= Dataset excerpt =
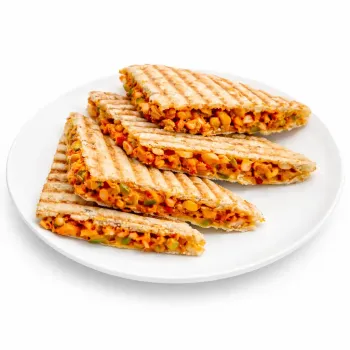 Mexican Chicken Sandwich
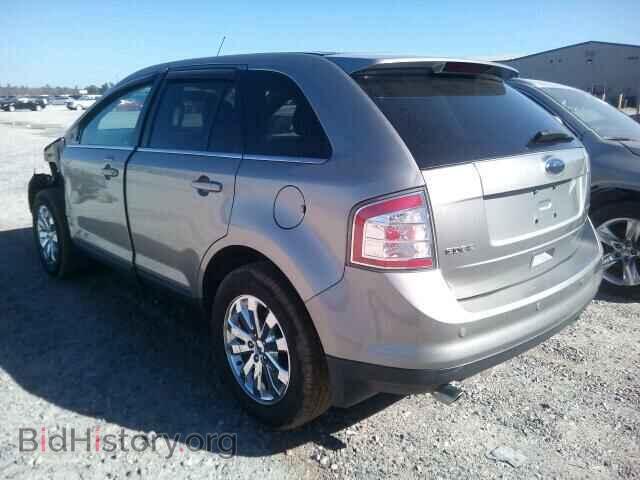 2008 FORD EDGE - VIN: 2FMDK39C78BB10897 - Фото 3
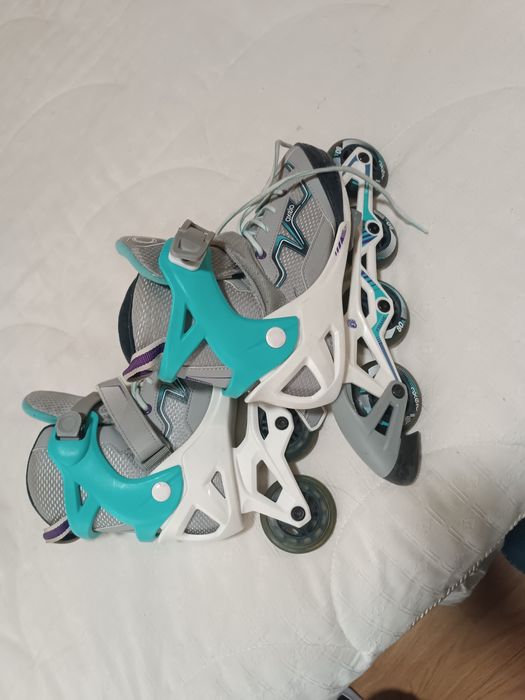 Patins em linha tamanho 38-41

= What to work on =
Print the listing verbatim, images excluded.

= Solution =
 Mexican Chicken Sandwich
 2008 FORD EDGE - VIN: 2FMDK39C78BB10897 - Фото 3
 Patins em linha tamanho 38-41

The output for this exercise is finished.